Hagge continued, “Our earnings, excluding any effects of our European Operations Optimization plan, improved due to the contribution from the Aptar Stelmi acquisition and the strength of our Pharma and Food + Beverage segments.”
AptarGroup reported earnings per share of $1.31 compared to $1.24 a year ago. Charges related to the Company’s EOO plan had a negative effect on earnings per share in 2013 of approximately $0.09, and prior year earnings per share included the negative effect of approximately $0.06 related to costs associated with the Stelmi acquisition. Year-to-date 2013 earnings per share, excluding the charges related to the EOO plan, were $1.40 and this compared to $1.30 per share for the same period a year ago when costs associated with the Stelmi acquisition are excluded from the prior year results.
GEOGRAPHIC EXPANSION PLANS
AptarGroup announced plans to increase the capacity of its Aptar Stelmi business with a $26 million investment for expanded facilities, new equipment and upgraded technology over the next year. Aptar Stelmi, which was acquired by AptarGroup in July of 2012, is a European-based supplier of elastomer primary packaging components to the injectable drug delivery industry. Aptar Stelmi’s products include syringe plungers, vial stoppers, and needle shields. Hagge stated, “Aptar Stelmi is benefiting from the growth in the injectable drug delivery industry and the current production facilities are nearly at full capacity. While our long-term objective is to establish a production facility closer to growing markets outside of Europe, our initial investment in capacity expansion will be at Aptar Stelmi’s existing facilities in Europe.
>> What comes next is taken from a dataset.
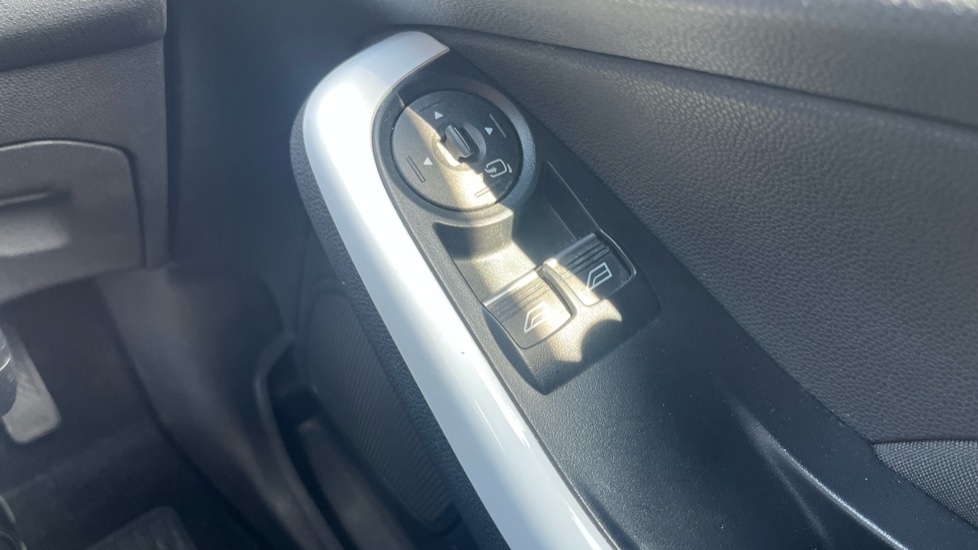 Ford Fiesta 1.0 EcoBoost Zetec White 5dr Petrol Hatchback - Image 26
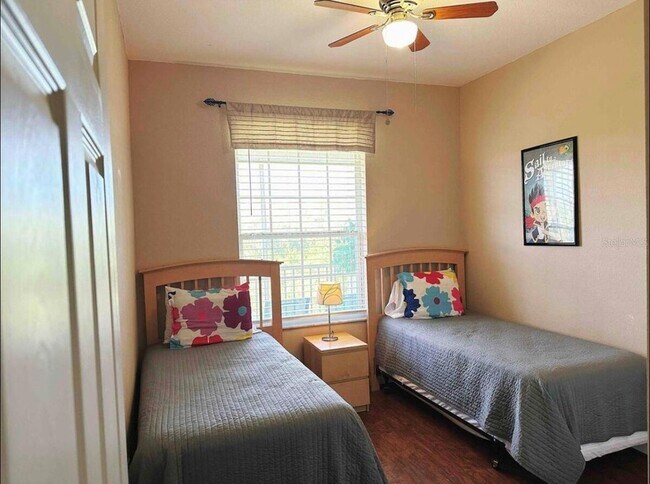 Building Photo - 2310 Silver Palm Dr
This will allow us to better serve our existing customers and integrate the new technology before we expand globally.”After decades of serving customers in the Andean region by importing products from various facilities, AptarGroup is establishing a production facility in Colombia which is intended to be operational by mid-2014. In addition to regional customers, several of Aptar’s multinational customers have operations in the region. “We have been selling into the Andean region for some time and we want to better serve our customers with a local facility,” said Hagge. “Our initial capital investment in this operation is expected to be approximately $5 million over the next 18 months. We are optimistic about the growth potential for each of our segments in this region.”